======== INFORMATION SUPPLIED

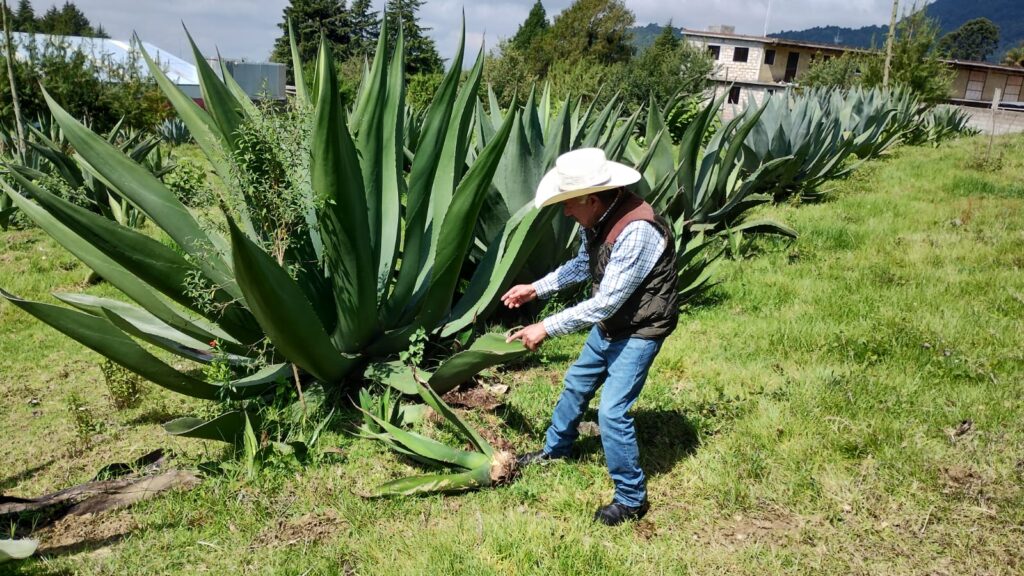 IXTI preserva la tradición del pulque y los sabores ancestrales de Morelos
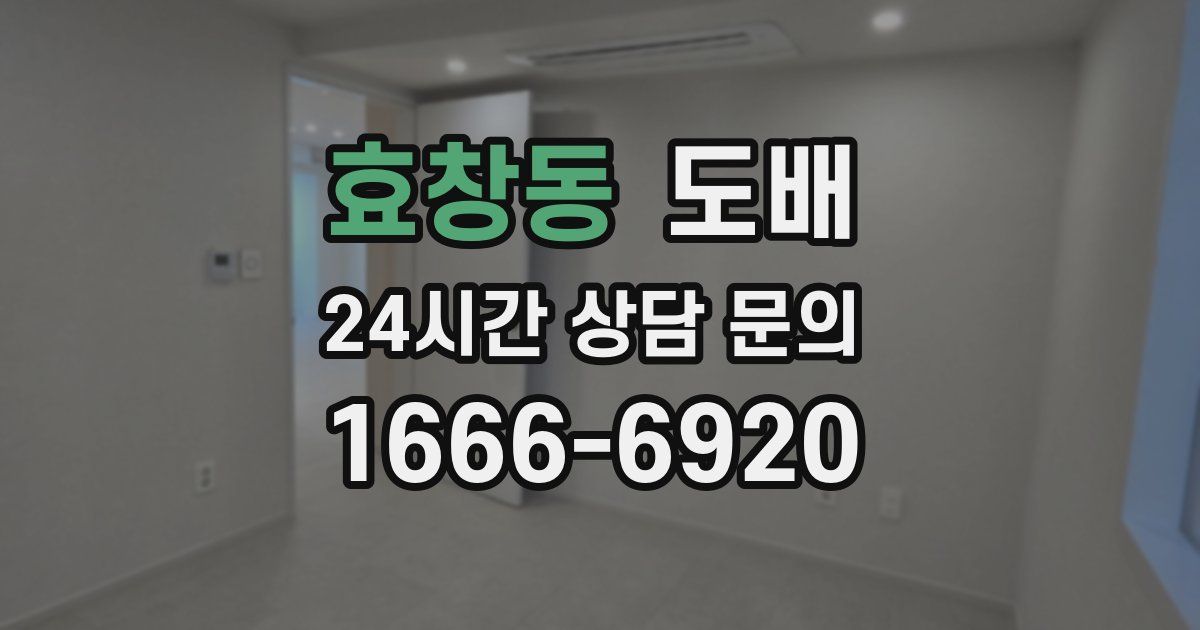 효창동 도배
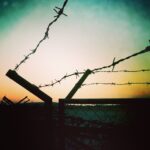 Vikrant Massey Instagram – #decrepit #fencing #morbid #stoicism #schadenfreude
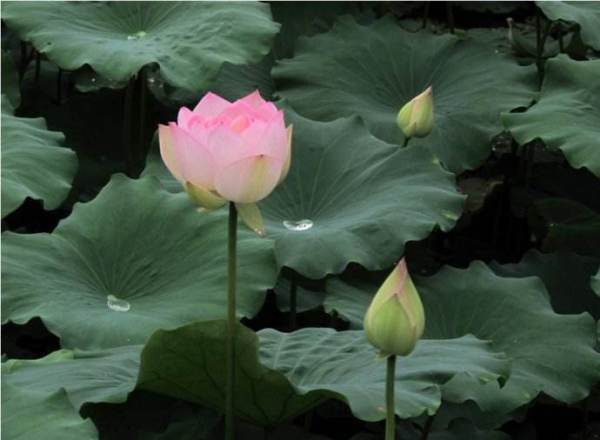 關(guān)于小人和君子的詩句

================
======== INFORMATION SUPPLIED

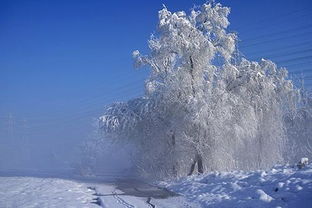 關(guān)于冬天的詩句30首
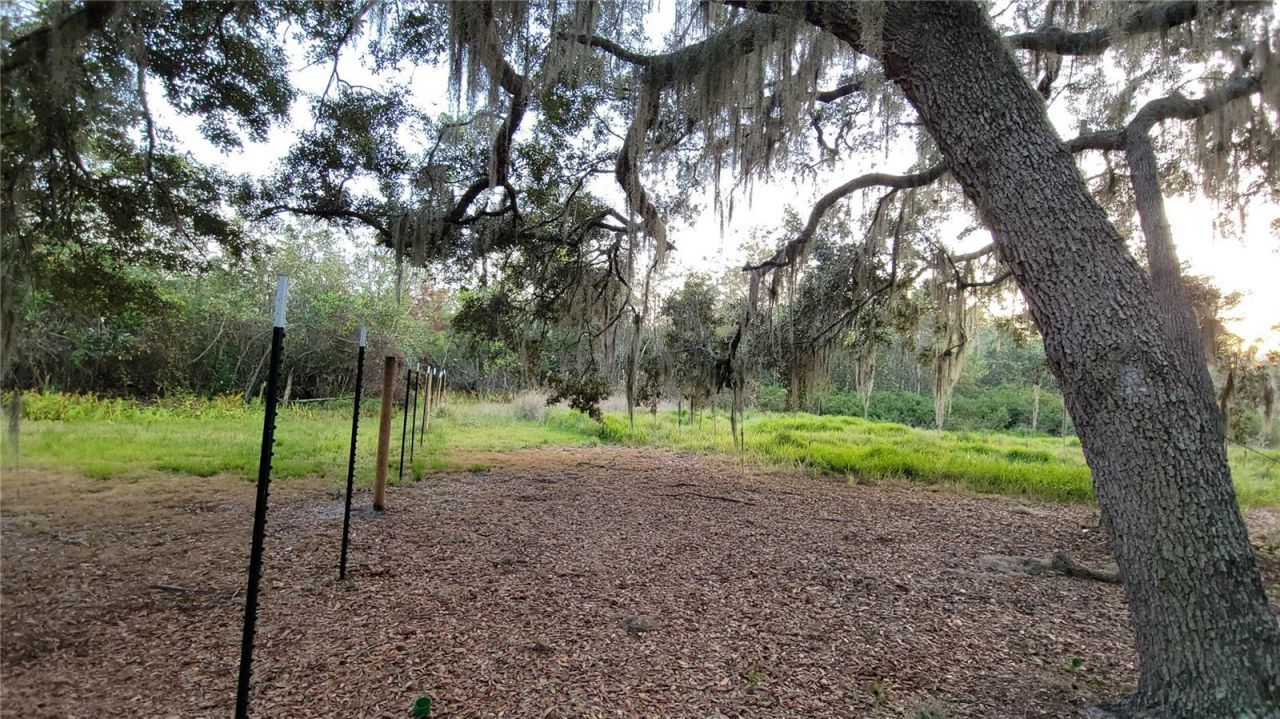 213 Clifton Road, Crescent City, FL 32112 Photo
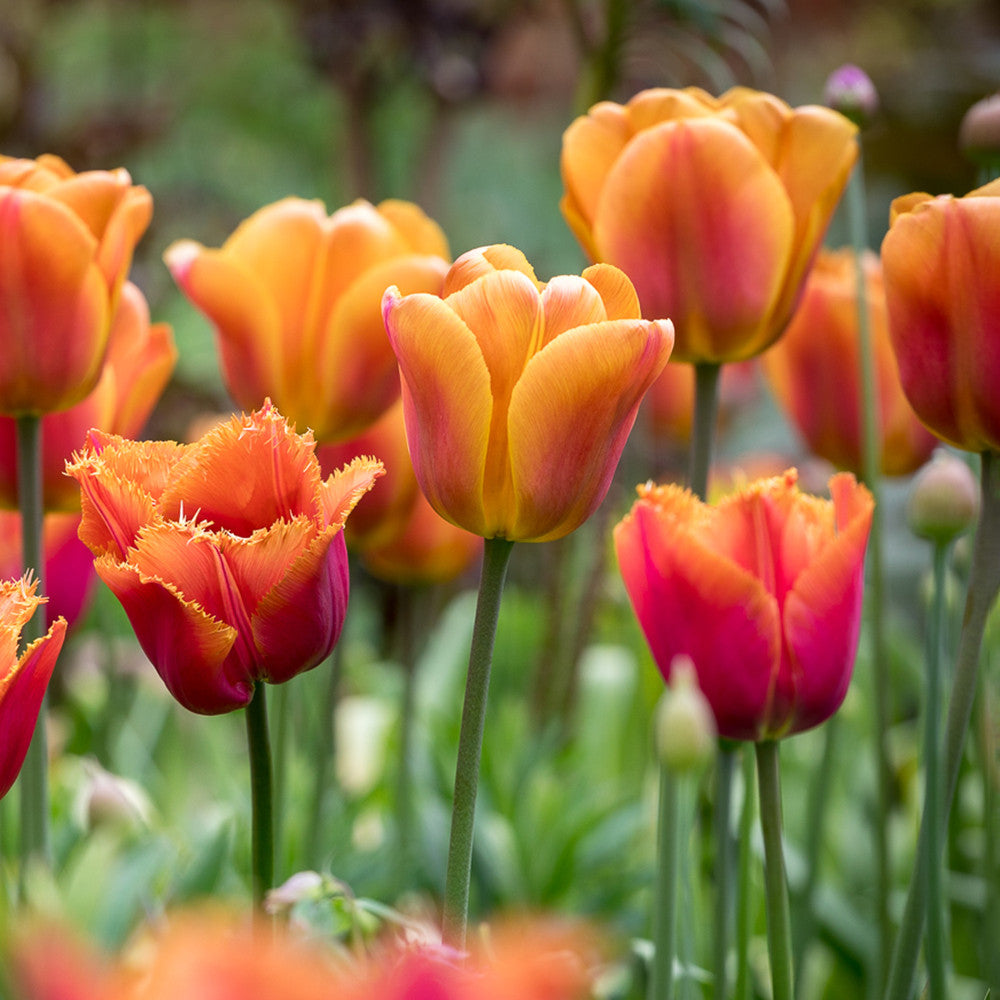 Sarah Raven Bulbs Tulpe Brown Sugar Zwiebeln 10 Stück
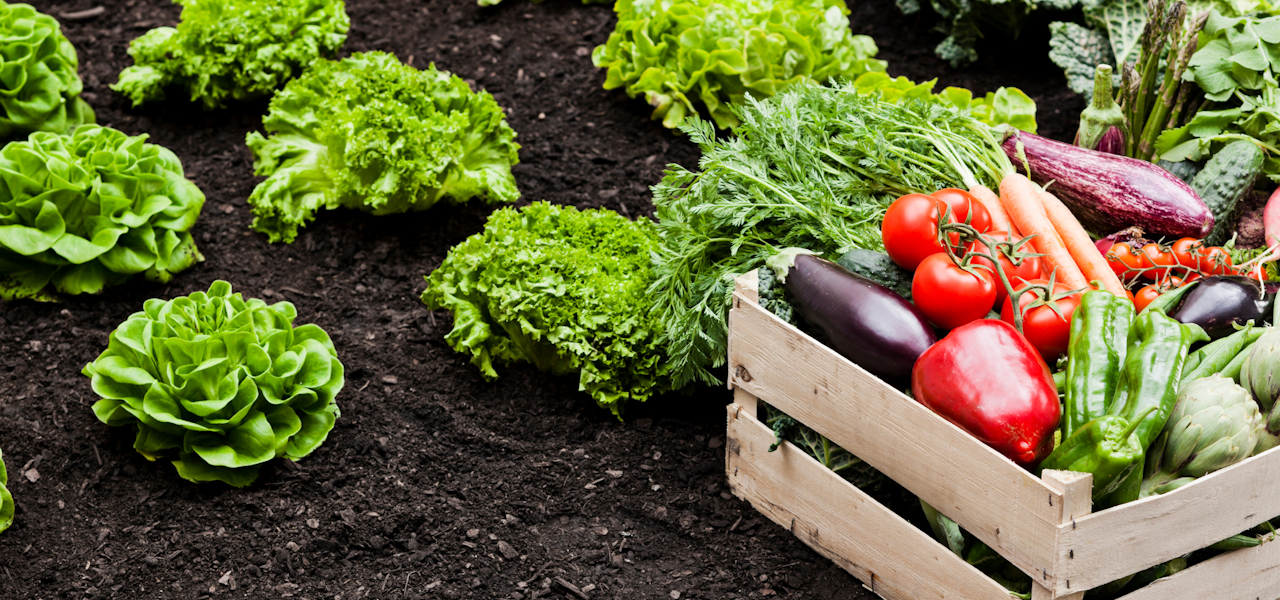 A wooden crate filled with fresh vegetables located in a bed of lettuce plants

================

* TRY IT *
Working from the records above, set down word for word everything from the line containing "Vikrant Massey Instagram" down to the line containing "關(guān)于小人和君子的詩句", ends included, minus the pictures.

* RESULT OF THE TASK *
 Vikrant Massey Instagram – #decrepit #fencing #morbid #stoicism #schadenfreude
 關(guān)于小人和君子的詩句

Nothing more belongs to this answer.